WHAT YOU SHOULD DO:
Quote all lines below exactly. Images stay out.

DATASET CONTENT:
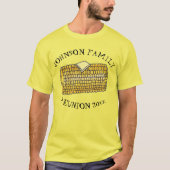 Speciaal gezinshereniging Cookout Corn Cob BBQ T-shirt (Voorkant)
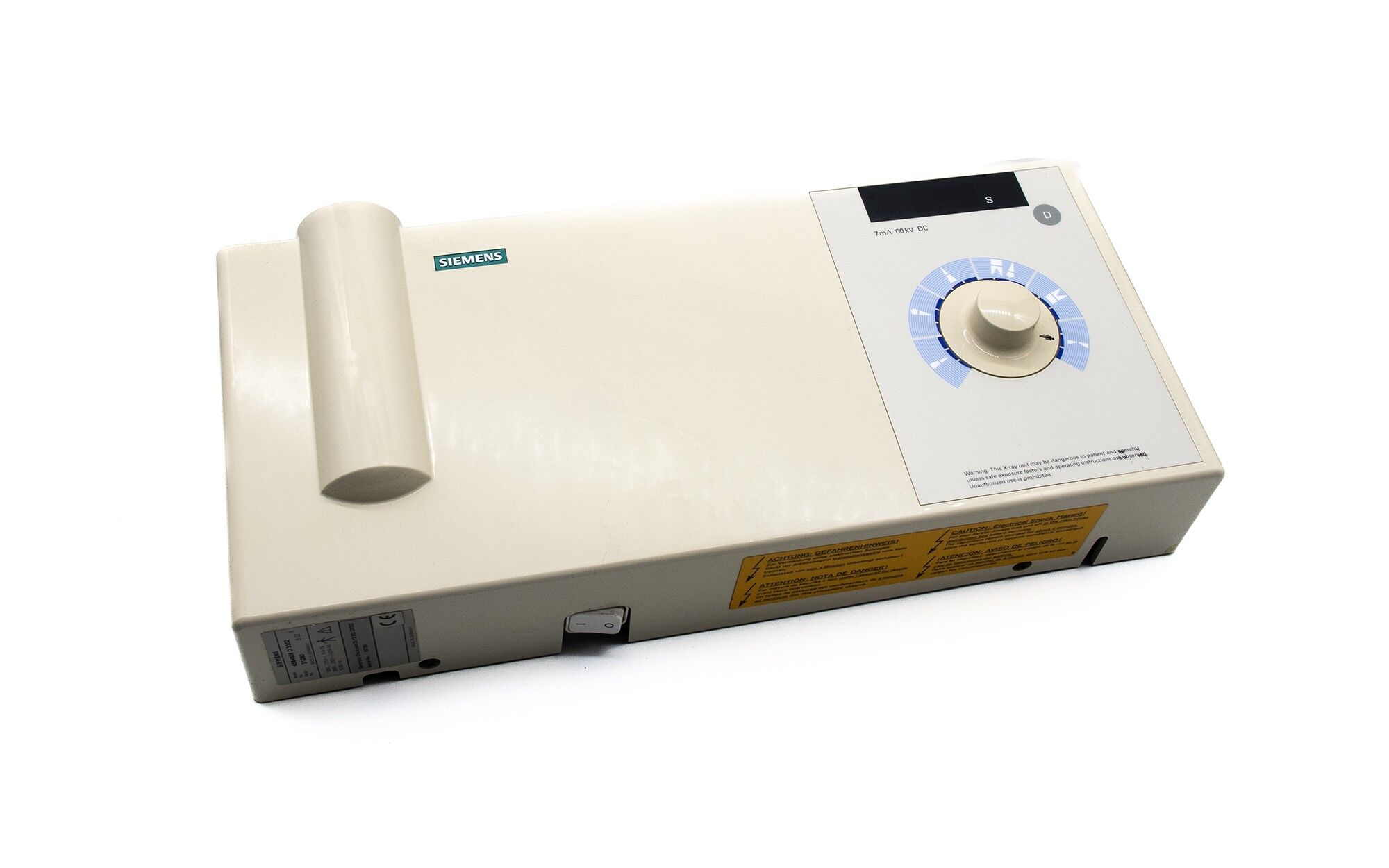 SIEMENS Sirona - Heliodent DS Steuerteil mit Generatorplatine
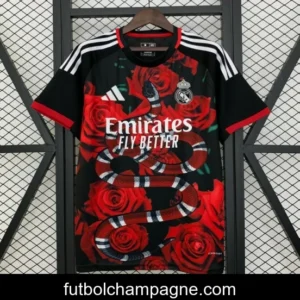 25_26 Real Madrid Special Red Rose Jersey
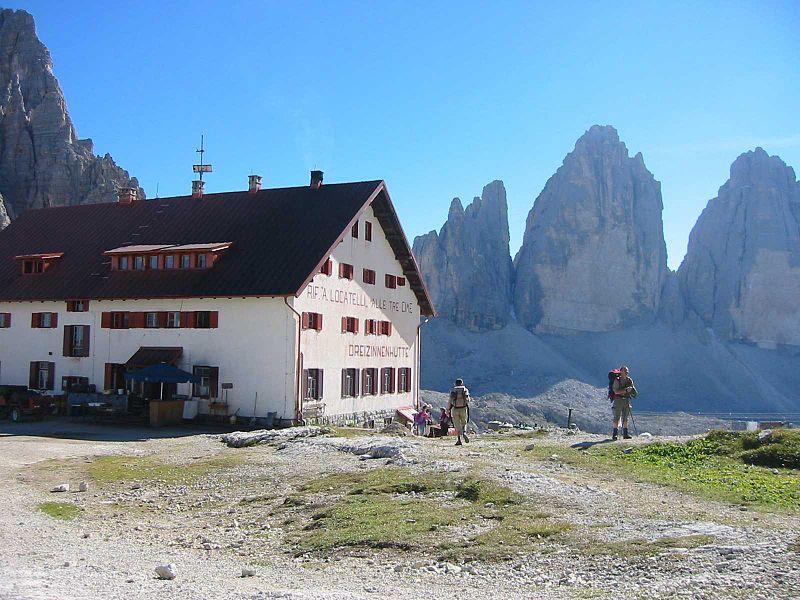 Drei Zinnen Hütte Sexten 1 suedtirol.info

RESULT OF THIS TASK:
 Speciaal gezinshereniging Cookout Corn Cob BBQ T-shirt (Voorkant)
 SIEMENS Sirona - Heliodent DS Steuerteil mit Generatorplatine
 25_26 Real Madrid Special Red Rose Jersey
 Drei Zinnen Hütte Sexten 1 suedtirol.info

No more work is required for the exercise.